[Caption-style text data]
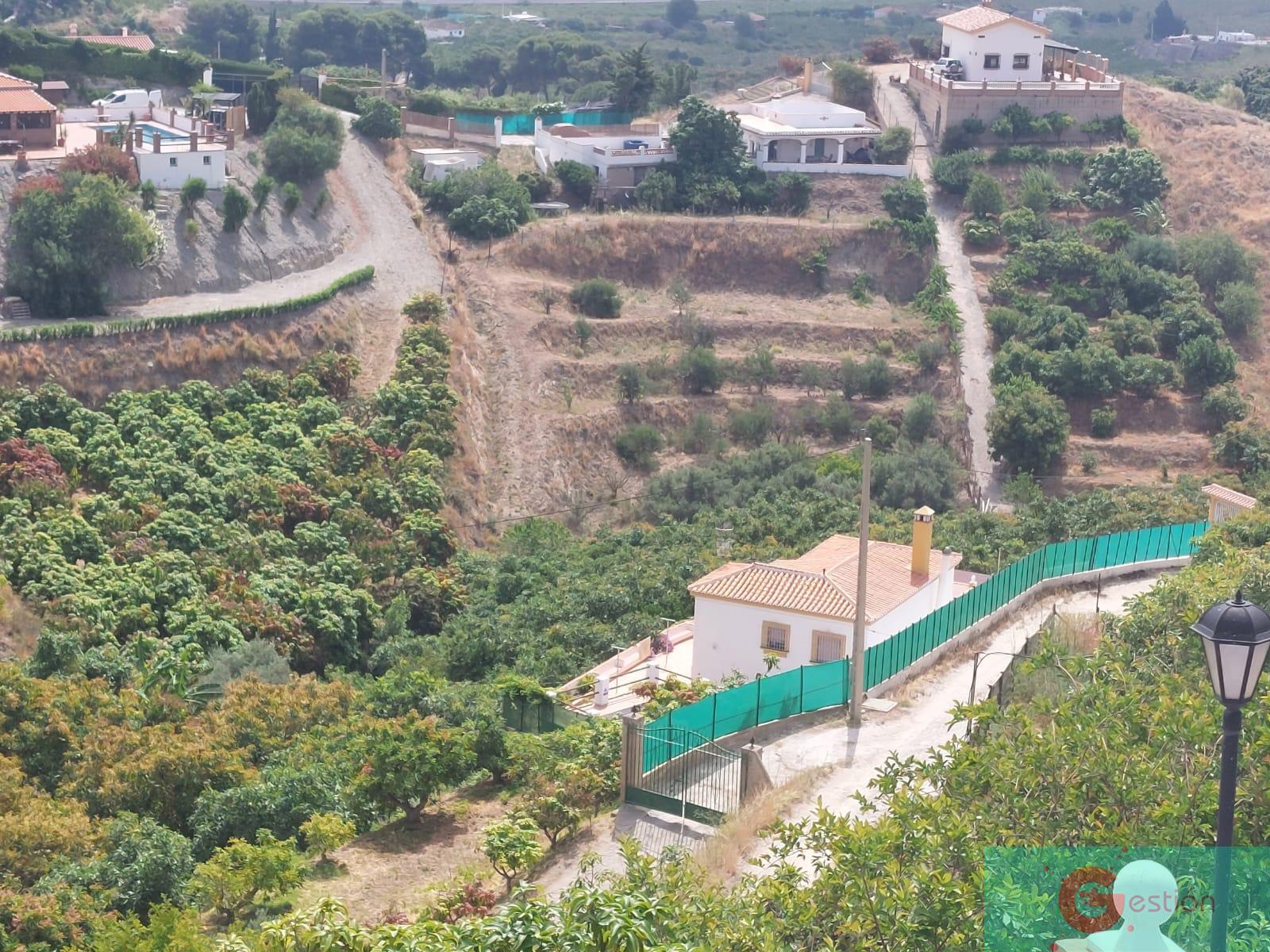 Venta de finca de recreo en Salobreña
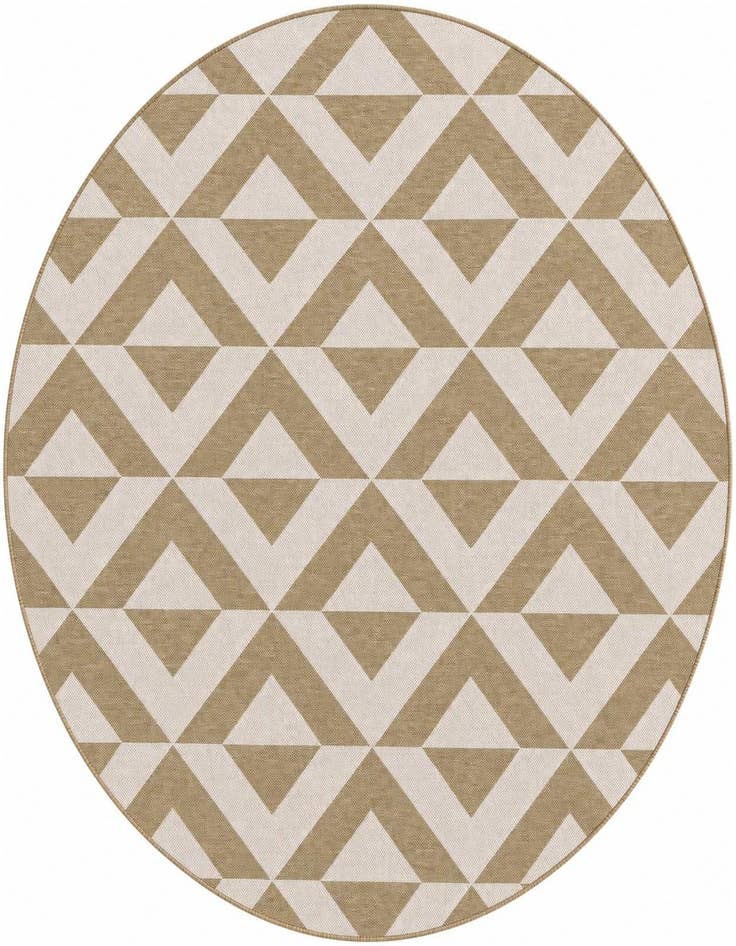 Detail image of 7' x 7' Easy-Clean Jill Zarin Indoor / Outdoor Round Rug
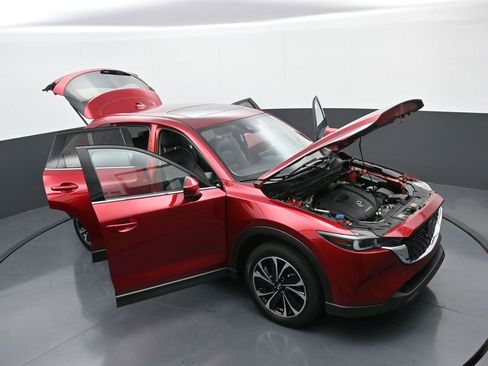 Used 2022 MAZDA CX-5 AWD 2.5 S w/ Premium Package image 37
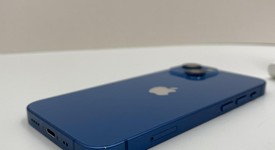 Good
													Apple iPhone 13 Mini - Unlocked, Blue, 128 GB, A2481, photo 5 of 6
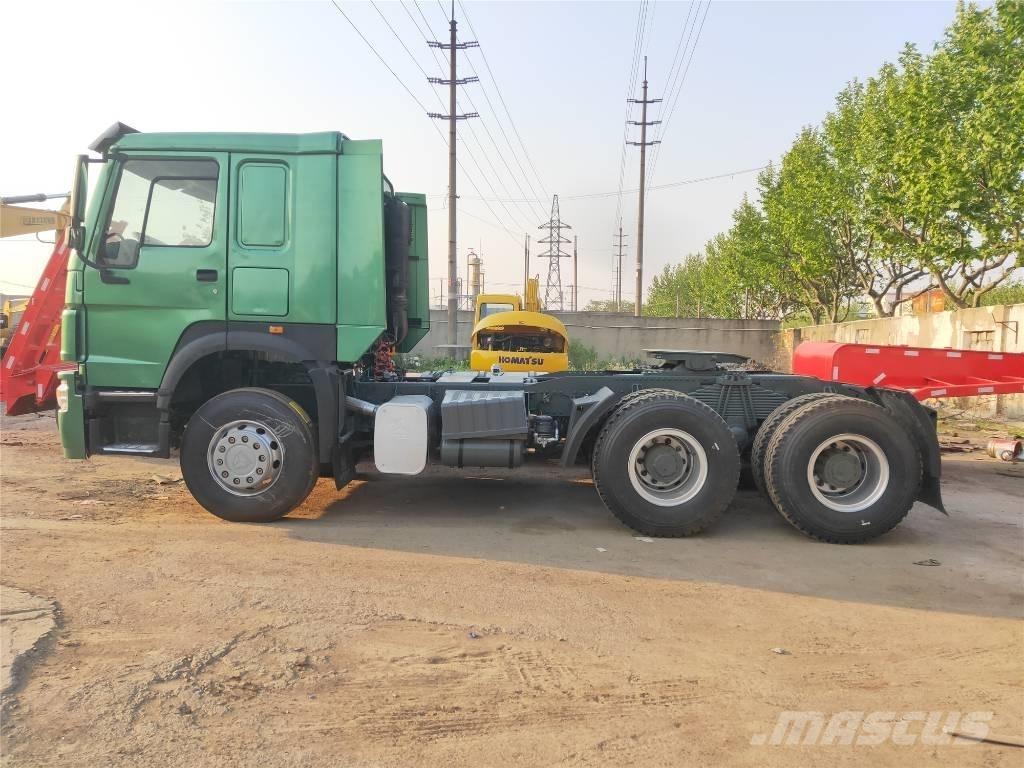 Howo 375 6x4 Sattelzugmaschinen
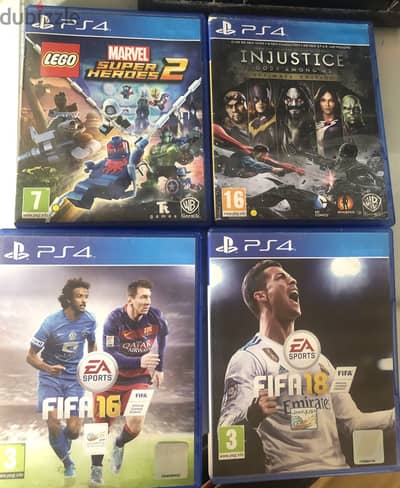 Ps4 CDs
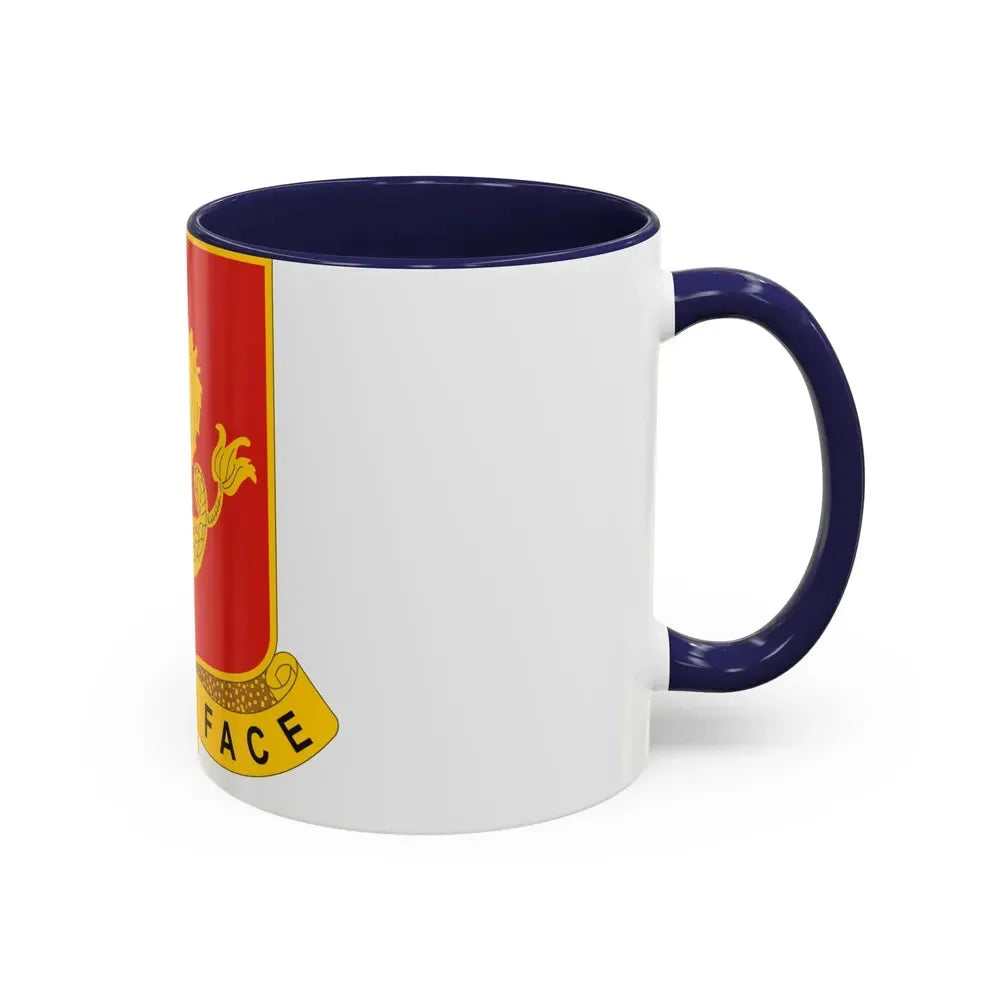 25th Field Artillery Regiment (U.S. Army) Accent Coffee Mug - Go Mug Yourself
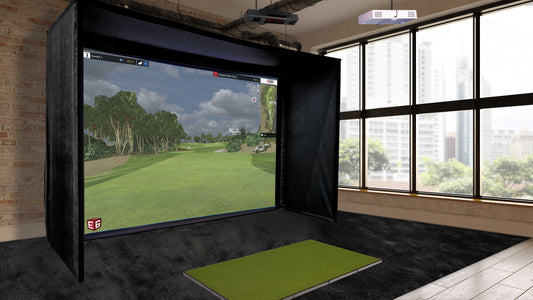 featured Image for Uneekor QED Golf Simulator Package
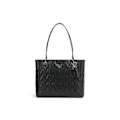 Miniatyrbillede 1 af 4: Skuldertaske - GUESS - Bessey Noel Tote - Sort - 36x26x10 cm - 100% polyurethan svart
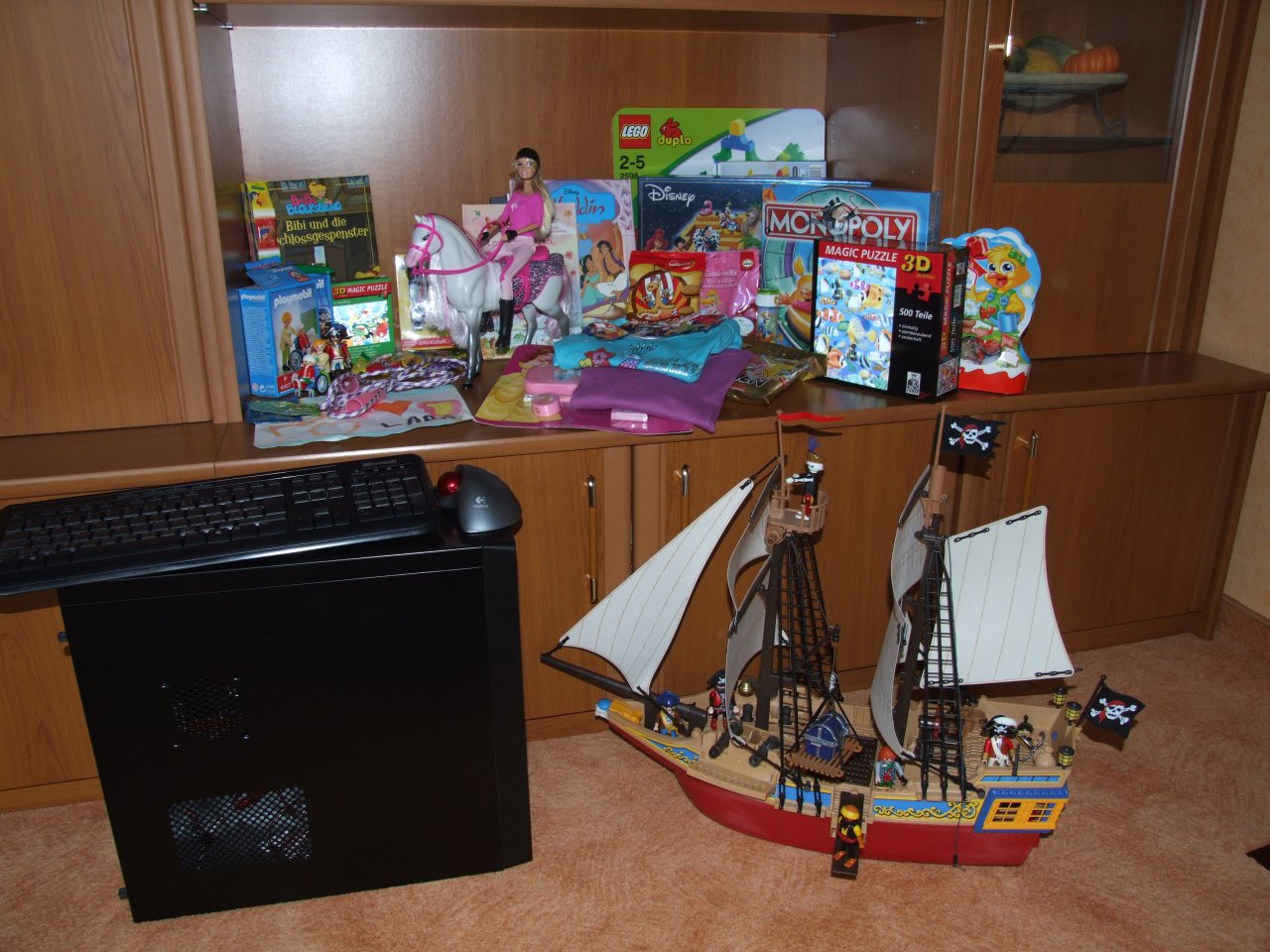 Claras Geburtstagsgeschenke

* [What is required]
Output only the lines running from the one containing "Used 2022 MAZDA" to the end of the records, inclusive and exact; skip the pictures.

* [Task answer]
 Used 2022 MAZDA CX-5 AWD 2.5 S w/ Premium Package image 37
 Good
													Apple iPhone 13 Mini - Unlocked, Blue, 128 GB, A2481, photo 5 of 6
 Howo 375 6x4 Sattelzugmaschinen
 Ps4 CDs
 25th Field Artillery Regiment (U.S. Army) Accent Coffee Mug - Go Mug Yourself
 featured Image for Uneekor QED Golf Simulator Package
 Miniatyrbillede 1 af 4: Skuldertaske - GUESS - Bessey Noel Tote - Sort - 36x26x10 cm - 100% polyurethan svart
 Claras Geburtstagsgeschenke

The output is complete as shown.